Introduction

Hemorrhagic stroke (HS) is among the most common subtypes of stroke and is associated with high mortality and severe disability1. Asia has a higher rate of HS compared to the United States and Europe, with the incidence in China being as high as 23.8%2. Among all stroke subtypes, hemorrhagic stroke has the highest mortality rate and profound effects on individuals and society3. Currently, there are various treatment options for HS, including surgery, control of intracranial hypertension and blood pressure, and rehabilitation. However, there remains controversy surrounding the optimal method of treatment for HS4. Hemostasis plays a key role in preventing the progression of hematoma in HS. Previous studies showed that platelets, small anucleated blood cells, play an important role in hemostasis and thrombosis5,6,7. It was also reported that platelet levels might affect the morbidity and mortality of patients with cardiovascular disease8,9. Thrombocytopenia was shown to have adverse effects on patients admitted to the intensive care unit (ICU)10,11. However, the role of platelets in HS remains unclear.

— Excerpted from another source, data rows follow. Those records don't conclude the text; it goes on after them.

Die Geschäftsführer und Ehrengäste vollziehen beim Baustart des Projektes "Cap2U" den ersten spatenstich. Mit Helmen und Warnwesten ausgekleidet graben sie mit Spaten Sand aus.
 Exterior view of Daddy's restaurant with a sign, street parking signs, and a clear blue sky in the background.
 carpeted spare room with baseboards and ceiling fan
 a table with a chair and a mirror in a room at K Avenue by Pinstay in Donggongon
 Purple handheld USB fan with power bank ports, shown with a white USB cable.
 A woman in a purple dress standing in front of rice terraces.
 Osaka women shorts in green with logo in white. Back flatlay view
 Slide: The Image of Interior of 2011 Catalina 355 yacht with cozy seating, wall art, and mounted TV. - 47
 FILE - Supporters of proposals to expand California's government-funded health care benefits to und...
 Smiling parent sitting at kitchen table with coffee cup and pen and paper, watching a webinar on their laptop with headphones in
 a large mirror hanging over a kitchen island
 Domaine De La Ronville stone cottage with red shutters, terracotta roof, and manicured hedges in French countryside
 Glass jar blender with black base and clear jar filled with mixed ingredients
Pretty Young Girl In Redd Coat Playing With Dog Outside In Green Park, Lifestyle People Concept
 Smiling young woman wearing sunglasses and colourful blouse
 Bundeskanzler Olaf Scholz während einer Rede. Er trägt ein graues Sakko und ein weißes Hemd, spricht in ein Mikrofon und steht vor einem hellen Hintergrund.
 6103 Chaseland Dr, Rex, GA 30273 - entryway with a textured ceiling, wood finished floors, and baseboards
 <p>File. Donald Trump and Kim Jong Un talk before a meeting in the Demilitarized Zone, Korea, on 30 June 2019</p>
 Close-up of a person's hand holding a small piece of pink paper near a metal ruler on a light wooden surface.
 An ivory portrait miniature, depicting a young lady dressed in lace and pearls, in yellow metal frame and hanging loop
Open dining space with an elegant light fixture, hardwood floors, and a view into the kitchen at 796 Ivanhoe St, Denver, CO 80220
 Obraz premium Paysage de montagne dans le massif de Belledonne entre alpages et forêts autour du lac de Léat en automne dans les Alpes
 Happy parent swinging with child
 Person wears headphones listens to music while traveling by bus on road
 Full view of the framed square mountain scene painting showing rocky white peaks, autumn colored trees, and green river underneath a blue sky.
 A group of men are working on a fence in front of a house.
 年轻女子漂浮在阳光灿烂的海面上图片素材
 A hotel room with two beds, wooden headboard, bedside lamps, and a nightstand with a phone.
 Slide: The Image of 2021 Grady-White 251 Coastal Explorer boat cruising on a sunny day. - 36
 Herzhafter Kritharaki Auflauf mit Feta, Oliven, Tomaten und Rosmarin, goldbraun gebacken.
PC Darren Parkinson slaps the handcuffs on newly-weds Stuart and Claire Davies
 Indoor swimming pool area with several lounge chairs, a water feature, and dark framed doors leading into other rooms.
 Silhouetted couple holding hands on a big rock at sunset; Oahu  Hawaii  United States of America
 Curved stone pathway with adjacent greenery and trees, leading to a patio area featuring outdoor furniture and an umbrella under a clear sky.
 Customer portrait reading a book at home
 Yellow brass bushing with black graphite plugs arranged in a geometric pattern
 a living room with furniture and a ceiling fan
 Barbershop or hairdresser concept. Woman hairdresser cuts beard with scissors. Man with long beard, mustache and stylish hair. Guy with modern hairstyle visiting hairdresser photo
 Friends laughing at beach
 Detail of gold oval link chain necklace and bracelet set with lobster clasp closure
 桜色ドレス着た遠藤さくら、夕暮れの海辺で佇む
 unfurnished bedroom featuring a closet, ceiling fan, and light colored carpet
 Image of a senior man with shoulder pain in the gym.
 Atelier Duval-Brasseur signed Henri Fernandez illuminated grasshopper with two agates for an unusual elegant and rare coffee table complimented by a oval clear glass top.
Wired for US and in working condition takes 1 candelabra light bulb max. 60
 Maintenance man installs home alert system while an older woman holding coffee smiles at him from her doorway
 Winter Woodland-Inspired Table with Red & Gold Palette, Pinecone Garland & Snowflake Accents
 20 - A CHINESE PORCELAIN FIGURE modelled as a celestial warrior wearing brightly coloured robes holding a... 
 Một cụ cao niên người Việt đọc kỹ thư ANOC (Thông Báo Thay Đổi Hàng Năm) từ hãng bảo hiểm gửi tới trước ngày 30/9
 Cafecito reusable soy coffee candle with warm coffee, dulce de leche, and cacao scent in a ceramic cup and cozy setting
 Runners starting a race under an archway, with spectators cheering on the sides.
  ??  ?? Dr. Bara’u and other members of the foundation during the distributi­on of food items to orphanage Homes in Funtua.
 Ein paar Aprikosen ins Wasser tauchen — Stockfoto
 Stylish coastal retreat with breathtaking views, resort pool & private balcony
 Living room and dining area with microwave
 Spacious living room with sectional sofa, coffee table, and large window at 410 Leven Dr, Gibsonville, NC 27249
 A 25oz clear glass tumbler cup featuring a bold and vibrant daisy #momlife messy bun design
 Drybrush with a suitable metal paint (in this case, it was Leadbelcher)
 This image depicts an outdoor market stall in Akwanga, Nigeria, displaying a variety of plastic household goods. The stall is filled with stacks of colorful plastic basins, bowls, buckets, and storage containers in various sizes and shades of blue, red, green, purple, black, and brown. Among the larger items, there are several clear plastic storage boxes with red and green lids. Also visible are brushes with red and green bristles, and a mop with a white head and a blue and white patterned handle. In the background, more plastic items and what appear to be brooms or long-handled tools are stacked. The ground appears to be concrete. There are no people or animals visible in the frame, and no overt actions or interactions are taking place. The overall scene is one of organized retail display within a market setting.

Recently, research on the association between platelet and HS attracted substantial attention. Accumulating evidence suggested that platelet dysfunction was associated with the mortality of HS patients12,13. Du et al.12 reported that an elevated platelet count (PC) was associated with a decreased risk of HS, while Mayda-Domaç et al.13 found that lower PC levels were associated with HS. Guidelines recommend that HS patients with thrombocytopenia should receive platelet concentrate14. Despite numerous research in this field, the prognostic value of PC in hospitalized HS patients remains to be clarified.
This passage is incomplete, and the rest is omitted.